From a paper I was reading, If:
$$w=\frac {1}{3}\left\{ \frac {-\dfrac {3}{16}\lambda^2}{1}+\frac {-\dfrac {3}{16}\lambda^2}{1}+\frac {-\dfrac {3}{16}\lambda^2}{1}+\frac {-\dfrac {11}{48}\lambda^2}{1}+\cdots\right\},$$
(which is a continued fraction) and "each numerator above is replaced by $-\dfrac{3}{16}\lambda^2$, then we obtain the approximation"
$$w \approx \frac {1}{12}\left( -2+\sqrt {4-3\lambda^2}\right).$$
I would greatly appreciate it if someone could explain how this step is calculated.
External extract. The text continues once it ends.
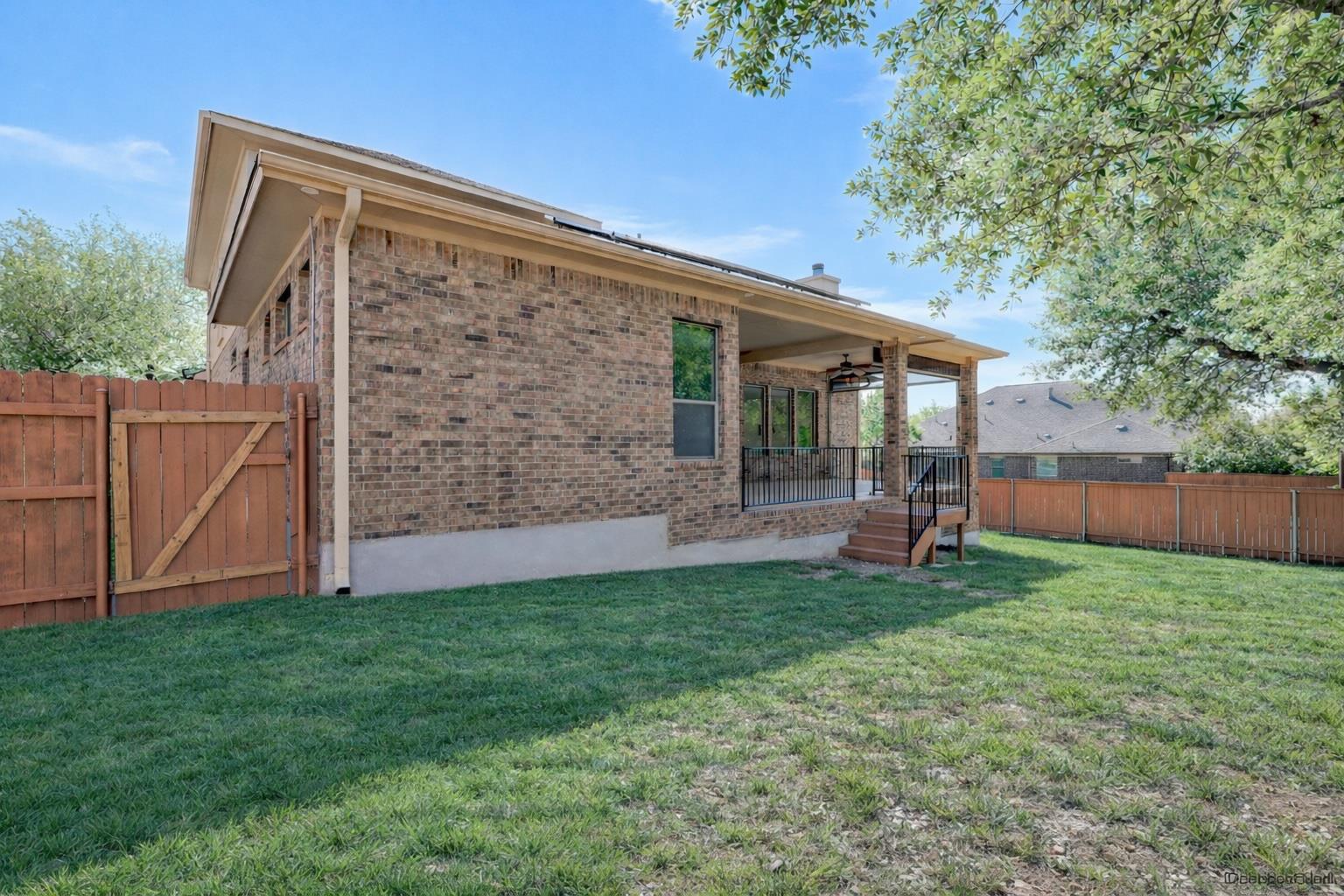 1020 Winding Way DR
Replacing the numerators with $\tau:=-3\lambda^2/16$ gives the continued fraction the approximation
$$3w\approx \left\{ \dfrac {\tau}{1}+\dfrac {\tau}{1}+\dfrac {\tau}{1}+\cdots\right\}=\dfrac{\tau}{1+3w}\implies (3w)^2+3w=\tau\implies 3w=\frac{-1\pm \sqrt{1+4\tau}}{2}$$ We take the positive root since $\tau=0$ should give $w=0$ and we conclude that $$w\approx\frac{1}{6}\left(-1+\sqrt{1-\frac{3\lambda^2}{4}}\right)=\frac{1}{12}\left(2-\sqrt{4-3\lambda^2}\right).$$